Con l’immigrazione, nei prossimi anni, dovremo avere a che fare; e con gli immigrati, piaccia o meno, dovremo non solo convivere, ma spartire ciò di cui disponiamo: il che significa che una parte consistente delle classi subalterne non potrà aspirare a un incremento dei propri consumi.

Se vogliamo guadagnare il consenso della maggioranza della popolazione occorrerà quindi puntare su altri obiettivi quali, a titolo di esempio, una maggior autonomia nella organizzazione del proprio lavoro e una migliore gestione della vita sociale.

L’autogestione

Uno dei maggiori motivi di frustrazione nell’ambito delle attività lavorative è il dover eseguire ordini assurdi impartiti, troppo spesso, da incompetenti: le nostre vite sarebbero assai migliori se potessimo decidere collettivamente come svolgere tali attività.

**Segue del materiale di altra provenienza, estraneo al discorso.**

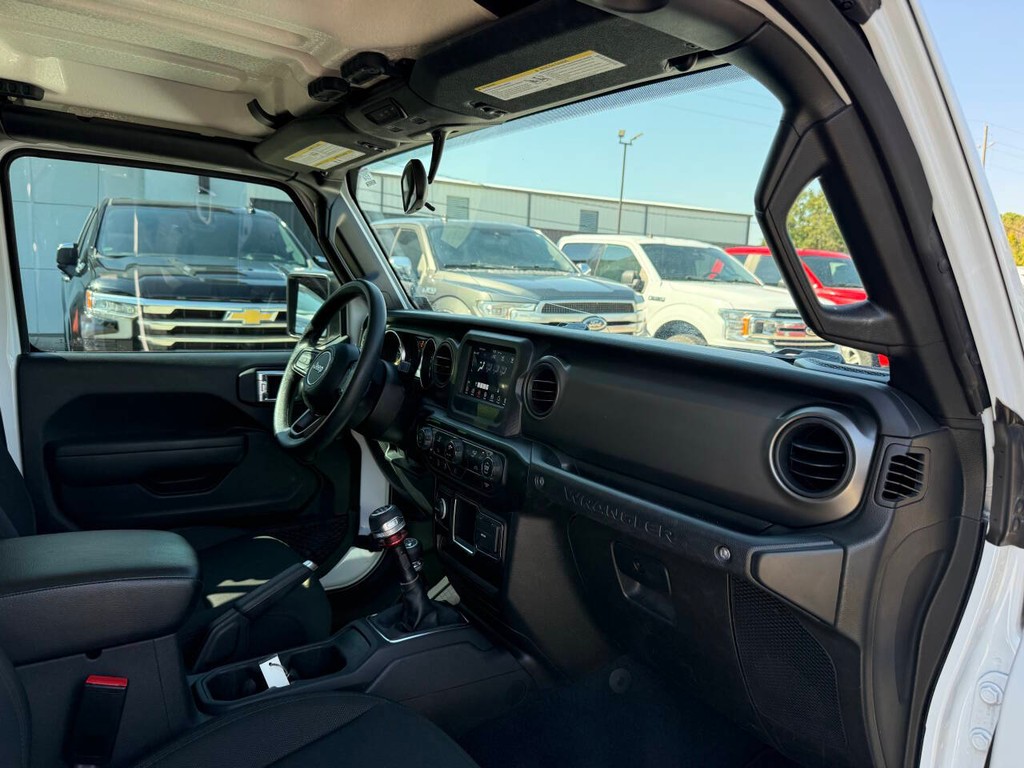 Jeep Wrangler Vehicle Full-screen Gallery Image 09
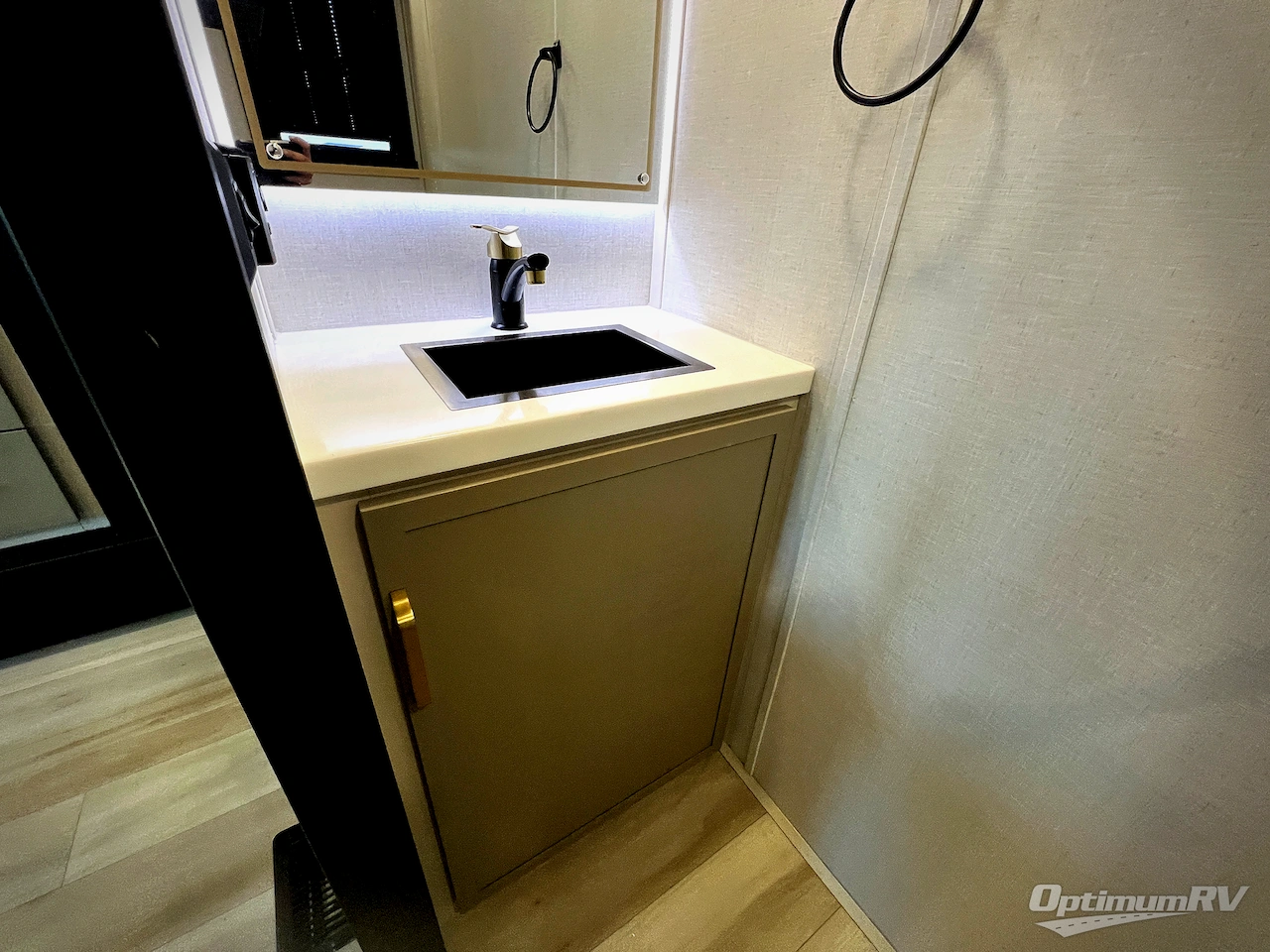 2025 Forest River Wildwood Heritage Glen ROOST43 Photo 26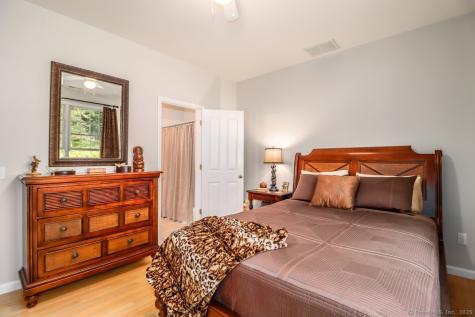 Bridgewater CT 06752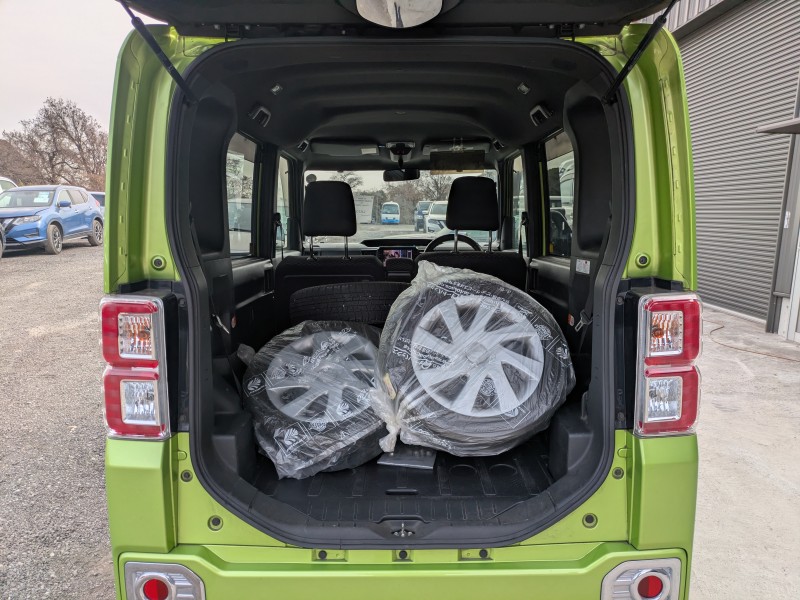 TOYOTA PIXIS MEGA 2019/1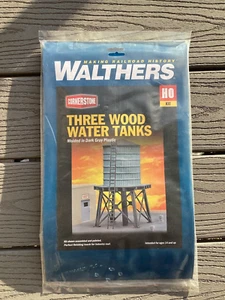 WALTHERS CORNERSTONE 1/87 HO SCALE THREE WOOD WATER TANKS MODEL KITS 933-3507 FS - Picture 1 of 11
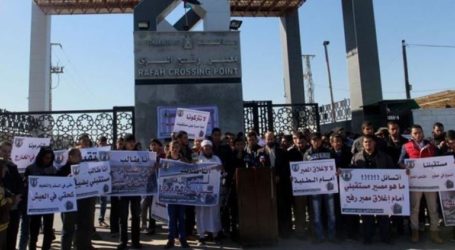 STUDENTS STRANDED IN GAZA PROTEST EGYPT’S CLOSURE OF RAFAH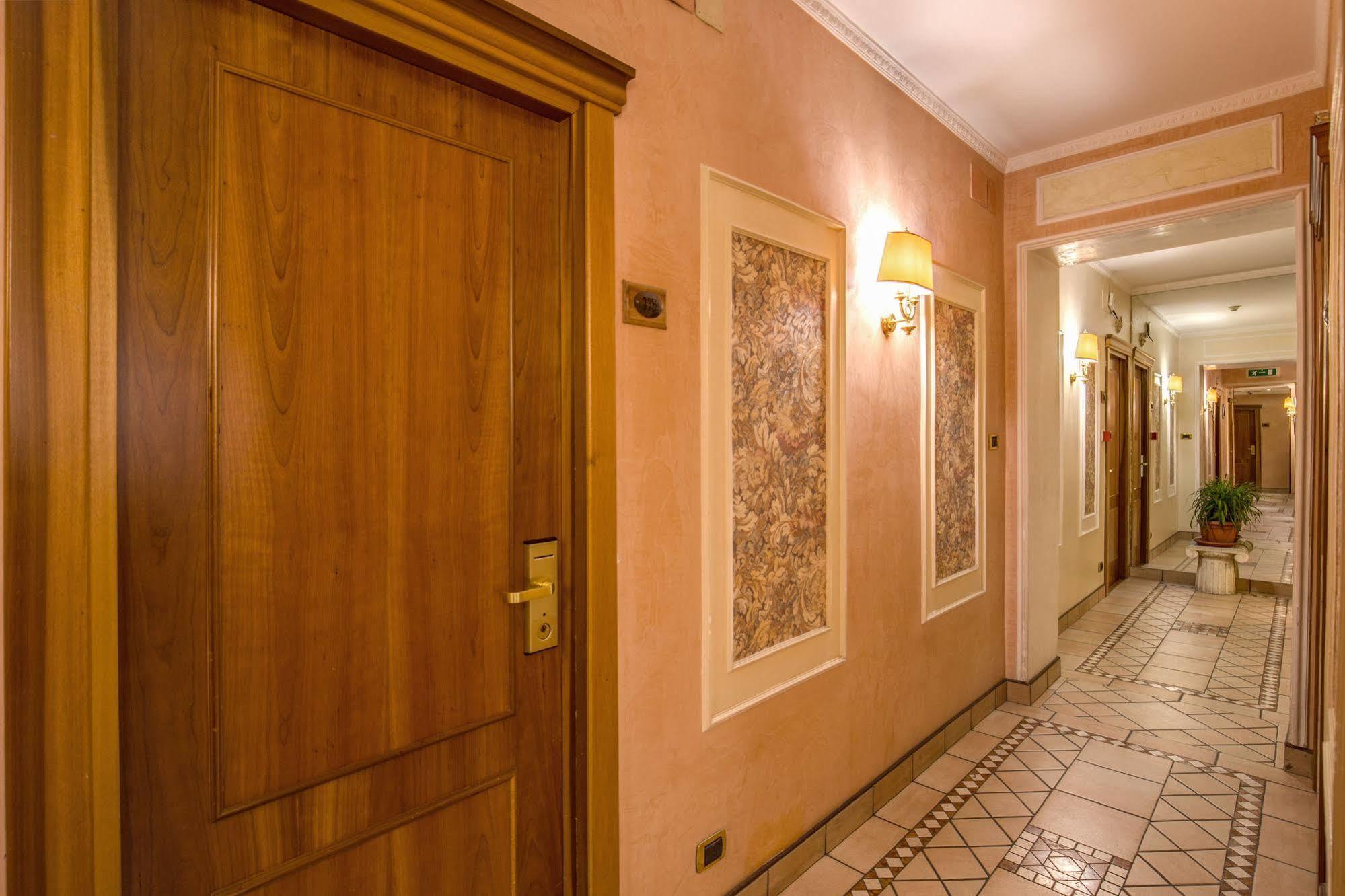 Hotel Montreal Rome Luaran gambar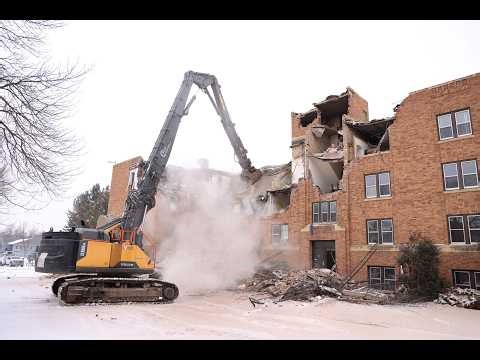 Dakota Hall demolition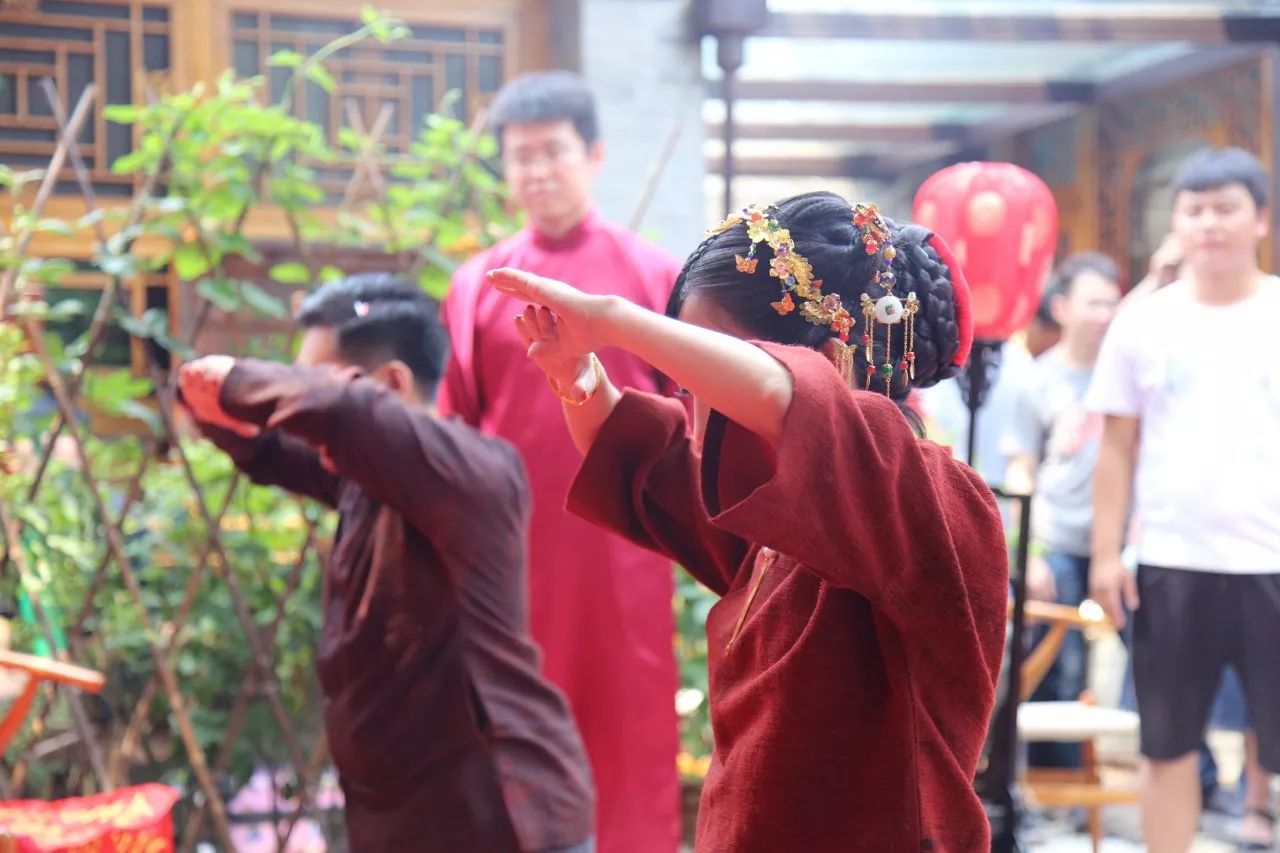 京城·63號院子，有院子老樹老北京的煙火氣息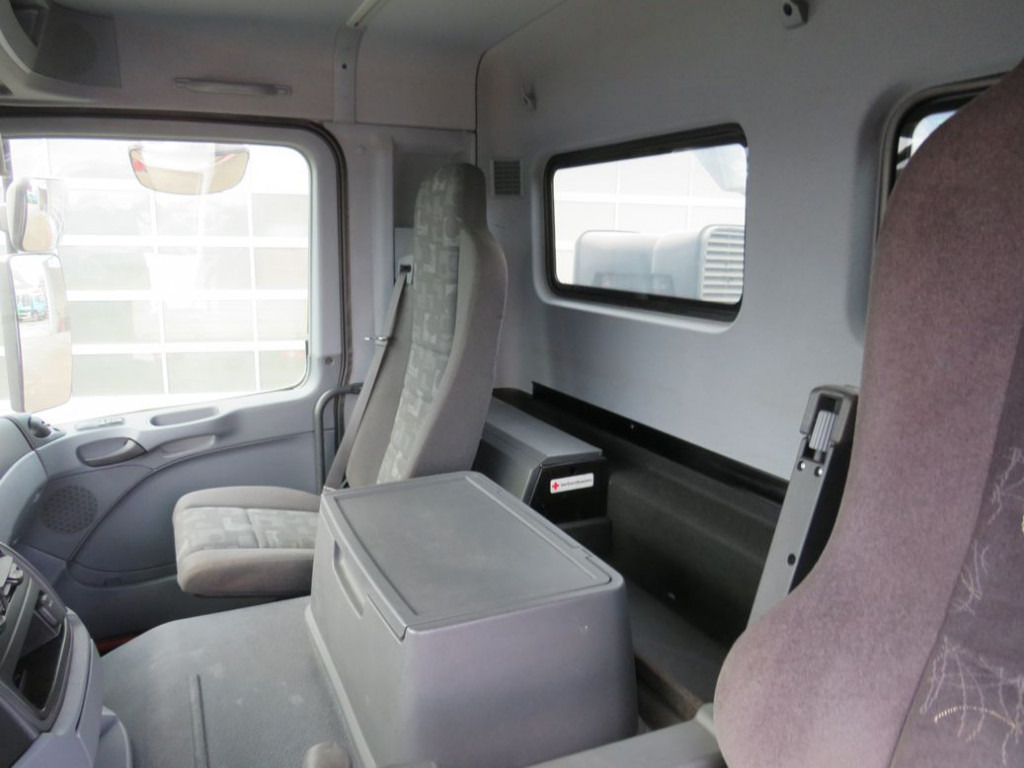 MERCEDES-BENZ Actros 4141 8x6 4 Achs Muldenkipper Kupplung, 1. Hand - شاحنة قلاب: صورة 4 MERCEDES-BENZ Actros 4141 8x6 4 Achs Muldenkipper Kupplung, 1. Hand - شاحنة قلاب: صورة 4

Non che i processi di decisione collettiva siano sempre rose e fiori (al contrario!) ma almeno ci rendono soggetti attivi e non passivi sul palcoscenico della vita. Ritengo che sarebbe opportuno, almeno da parte dei dipendenti pubblici, rivendicare il diritto di decidere collettivamente come svolgere le proprie attività e di scegliere democraticamente i propri coordinatori. Ritengo inoltre, come ho già detto, che ciò porterebbe ad una maggior efficienza nel  pubblico impiego, presupposto indispensabile per il suo allargamento a settori nei quali è oggi quasi assente.

La giustizia

Di maggior interesse per chi opera come privato (ma non solo) è mobilitarsi per una radicale trasformazione dell’amministrazione della giustizia penale e, soprattutto, della giustizia civile. Non ho le competenze per entrare nel merito più di tanto ma è inammissibile che per ottenere una sentenza (e un eventuale risarcimento) su cose assolutamente banali si debbano attendere anni come avviene in Italia. I processi dovrebbero concludersi entro un mese dalla segnalazione di quanto è accaduto e gli eventuali ricorsi in non più di un anno. 

Occorre sveltire le procedure? Che si sveltiscano! Occore più personale? Lo si assuma! (l’Italia è piena di laureati in giurisprudenza). Tutto ciò avrebbe un costo notevole? Sarebbero soldi ben spesi! Non soltanto perchè gli offesi hanno diritto di ottenere giustizia (e gli imputati di essere scagionati) in tempi ragionevoli, ma perchè l’intera società (imprese incluse) trarrebbe enorme vantaggio da una giustizia rapida.

Il problema costituito dalla sua inefficienza non si risolve con l’inasprimento delle pene (come la Lega ed altri sostengono) ma con tribunali che funzionano.